Thursday, 05/12/2016 12:26:22 PM

Thursday, May 12, 2016 12:26:22 PM

Post# of 111816
From Prospectus:

Redemption

Holdings may redeem the subordinated debentures before their maturity:

•in whole or in part on one or more occasions any time on or after January 18, 2010; and

•in whole at any time, if certain changes in tax or investment company law occur (each of which is a "Special Event" and is described more fully under "—Special Event Redemption" below).
When Holdings pays off the subordinated debentures, either at maturity on January 18, 2054 or upon early redemption (as discussed above), the trust will use the cash it receives from the redemption of the subordinated debentures to redeem a like amount of the preferred and common securities. The redemption price for the subordinated debentures is 100% of their principal amount plus accrued and unpaid interest.

If less than all the preferred and common securities are redeemed, the aggregate liquidation amount of preferred and common securities to be redeemed will be allocated proportionately among the preferred and common securities, subject to the exceptions described under "—Subordination of Common Securities." The preferred securities to be redeemed will be redeemed on a proportionate basis by DTC if they are in book-entry-only form.

Special Event Redemption

If a tax event or an investment company event (as defined below) has occurred and is continuing, and Holdings cannot cure the event by some reasonable action, Holdings may redeem the subordinated debentures, within 90 days following the occurrence of the Special Event.

"Tax event" as used herein means the receipt by the trust of an opinion of independent tax counsel experienced in such matters, to the effect that, as a result of

•any amendment to, change in or announced proposed change in the laws or regulations interpreting such laws of the United States or any political subdivision or taxing authority; or

•any official administrative pronouncement, action or judicial decision interpreting or applying such laws or regulations;
where such amendment or change becomes effective, or proposed change, pronouncement, action or decision is announced on or after the date of this prospectus supplement, there is more than an insubstantial risk currently or within the 90 days following such opinion that:

•the trust will be subject to United States federal income tax with respect to income received or accrued on the subordinated debentures;

•interest payable by Holdings on the subordinated debentures will not be deductible by Holdings, in whole or in part, for United States federal income tax purposes; or

•the trust will be subject to more than a de minimis amount of other taxes, duties or other governmental charges.
"Investment company event" means the receipt by the trust of an opinion of a nationally recognized independent counsel to the effect that, as a result of the occurrence of a change in law or regulation or a written change in interpretation or application of law or regulation by any legislative body, court, governmental agency or regulatory authority, there is more than an insubstantial risk that the trust will be considered an "investment company" under the Investment Company Act of 1940 that is required to be registered under this law.

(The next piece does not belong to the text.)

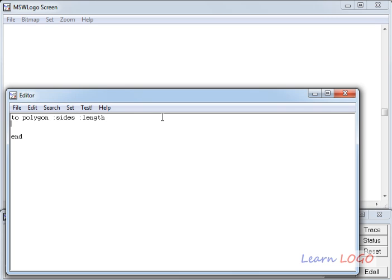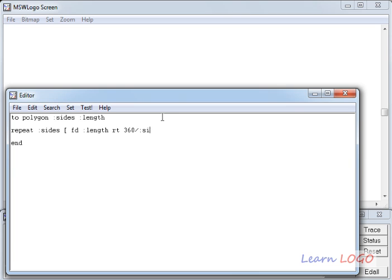In this procedure, we have to repeat a number of sides times, and what we repeat is written in square brackets. We go forward by ':length', and then we take a right turn by an angle equal to 360 divided by the number of sides.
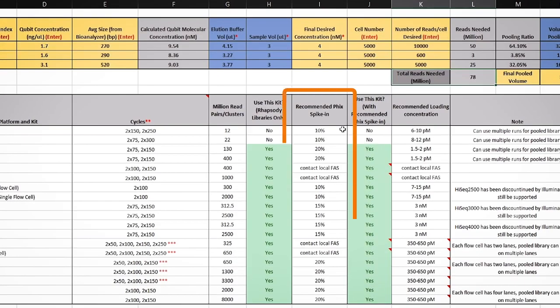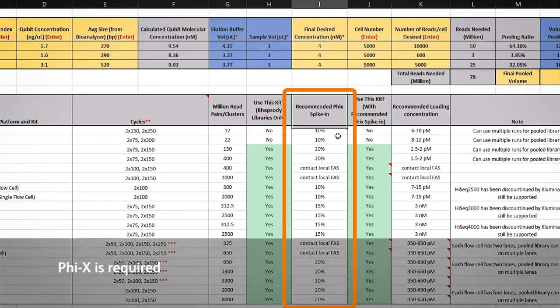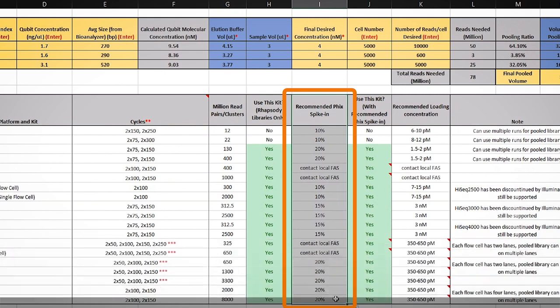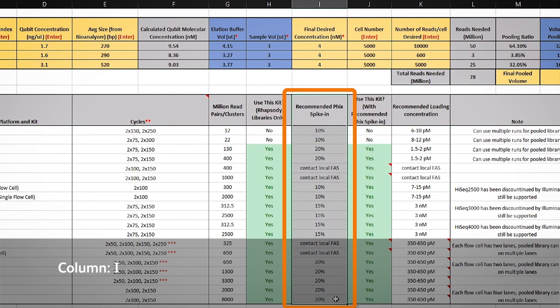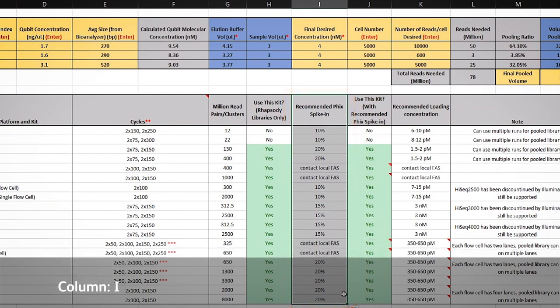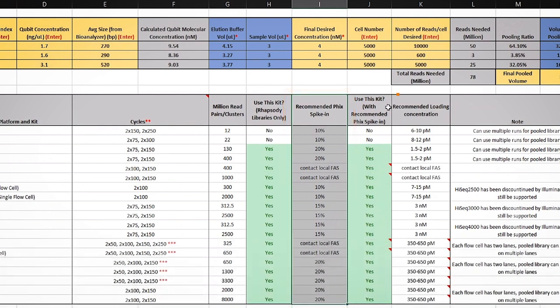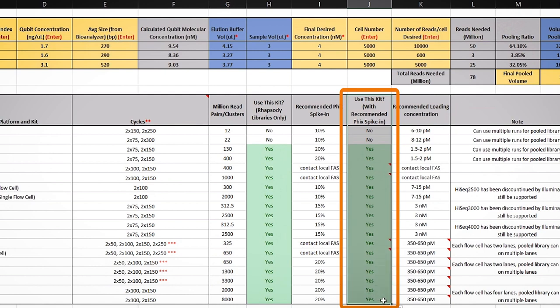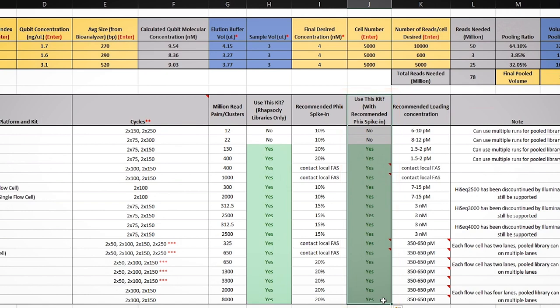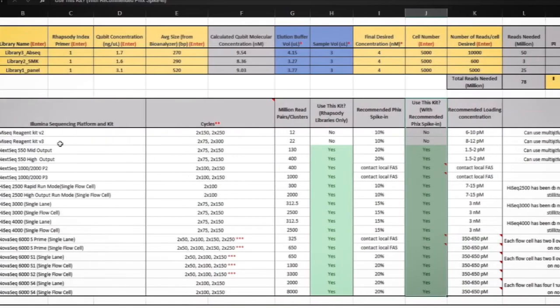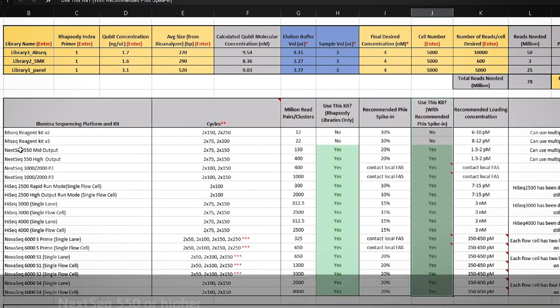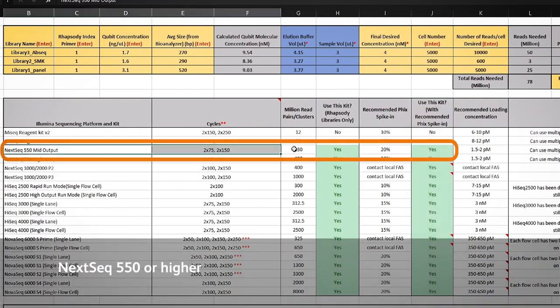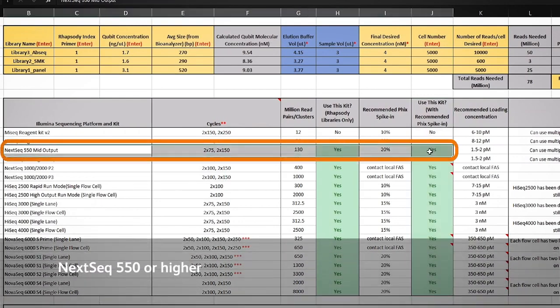5x is required when running our libraries on most Illumina sequencers, and the sequencing calculator will have the recommendations for this as well in column I. Taking everything into account, a yes or no will be displayed next to the type of sequencer that can generate enough data for your experiment. So, in this example, we can use the NextSeq 550 or higher.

If Holdings does not elect to redeem the subordinated debentures following a tax event or investment company event, the preferred securities will remain outstanding until the repayment of the subordinated debentures.

Redemption Procedures

The trust will give you at least 30 days' notice before any redemption of preferred securities. To the extent funds are available for payment, the trust will irrevocably deposit with DTC sufficient funds to pay the redemption amount for the preferred securities being redeemed. The trust will also give DTC irrevocable instructions, and authority to pay the redemption amount to the preferred securities holders. Any distribution to be paid on or before a redemption date for any preferred securities called for redemption will be payable to the registered holders on the record date for the distribution.



Once notice of redemption is given and the redemption amount is irrevocably deposited, additional distributions on the preferred securities will cease to accumulate. In addition, all rights of the holders of the preferred securities called for redemption will cease, except for the right to receive distributions payable prior to the redemption date and the redemption amount.

If any redemption date is not a business day, the redemption amount will be payable on the next business day, without any interest or other payment in respect of any such delay. However, if the next business day is in the next calendar year, the, redemption amount will be payable on the preceding business day.

Holdings or its affiliates may, at any time, purchase outstanding preferred securities by tender, in the open market or by private agreement.

Any preferred securities which are repurchased or redeemed will be cancelled.

Withholding

All payments of principal and interest will be made without withholding or deduction for, or on account of, any present or future taxes, duties, assessments or governmental charges of whatever nature imposed or levied by or on behalf of the jurisdiction of incorporation of Holdings or any political subdivision thereof or any authority therein or thereof having power to tax unless the withholding or deduction of such taxes, duties, assessments or governmental charges is required by law (based on the advice of counsel).

Optional Liquidation of the Trust and Distribution of Subordinated Debentures

Holdings may dissolve the trust at any time, and after paying the creditors of the trust may cause the subordinated debentures to be exchanged for the preferred securities. Holdings will give holders of the preferred securities at least 10 business days' prior notice of such dissolution.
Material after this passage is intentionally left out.